Estamos todos hasta arriba, hasta el moño o hasta el vecino del quinto, cada uno hasta donde aguanta. Pero todos tan por encima de lo estrictamente razonable que no alcanzamos a vislumbrar en qué lugar se han quedado nuestras ideas o nuestros objetivos, nuestras buenas intenciones.

A mí ninguno me representa y me resulta muy duro y muy difícil hacer esta afirmación, pero es la cruda realidad.

Estoy tan cansada, tan congestionada de imbecilidades y tan saturada de hipócritas, me he hastiado tanto de noticias estúpidas que ignoro todo lo demás. Ya no comento en las redes sociales, ya no clico en artículos sectarios, ya no tengo ganas de escribir ni de opinar.

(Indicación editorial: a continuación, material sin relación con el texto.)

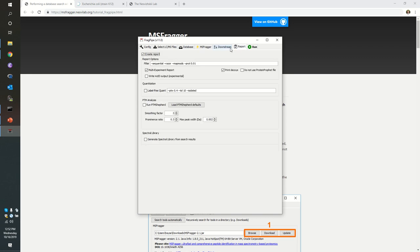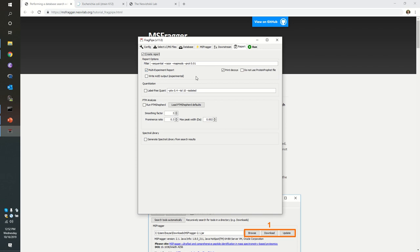We're going to continue on to report. And yes, we definitely do want it to do a report in this case. You should definitely check multi-experiment report, because in this case, we have the 10 different experiments, and we need to treat each of them separately, but conjointly at the same time. We do want to print decoys, because frankly, leaving those decoys in there is useful to us in getting a sense of how many spectra a known falsely identified protein has.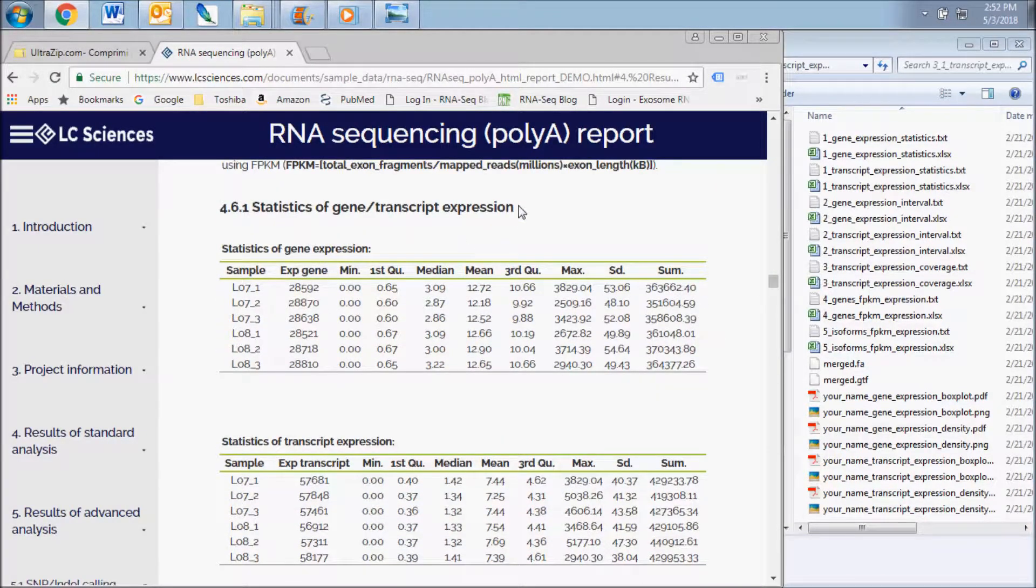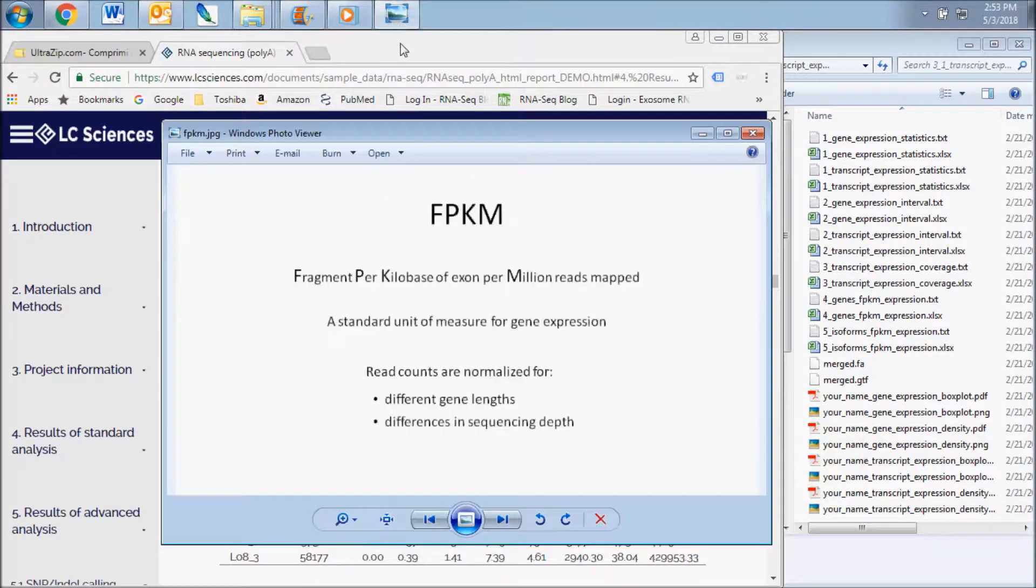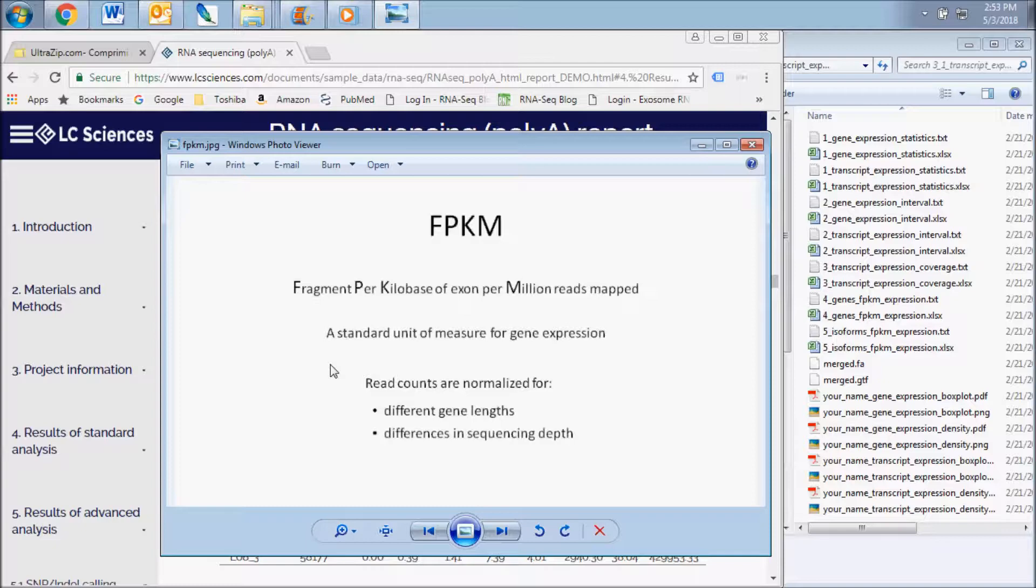Charts and graphs from this point forward contain expression data and statistics based on FPKM calculations from raw read counts. FPKM refers to fragment per kilobase of exon per million reads mapped and is a standard unit of measure for gene expression.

La gente sensata e inteligente no entra al trapo de polarizaciones estúpidas y malintencionadas. Se aleja irremediablemente del conflicto zafio y chabacano. Huye de todo lo que apesta a necedad y no siente ninguna necesidad de explicar conceptos básicos al resto de la sociedad.

Atufa en este país la gente que tiene falta de consistencia en sus ideas y que anda escasa de moral, atufa la ausencia de razonamiento y de argumentario propio, la inexistencia de proyectos solidarios que velen por el interés común. Alguno se ha dejado en casa las neuronas y ha salido a la calle con plena libertad.

No sé si los españoles somos tontos o no. Lo que creo es que a muchos no nos gusta nada que nos quieran hacer parecerlo.

Ahora, para colmo de males, nos van a estropear una fecha hermosa.

¡Abróchense los cinturones, el 14 de abril está a punto de llegar!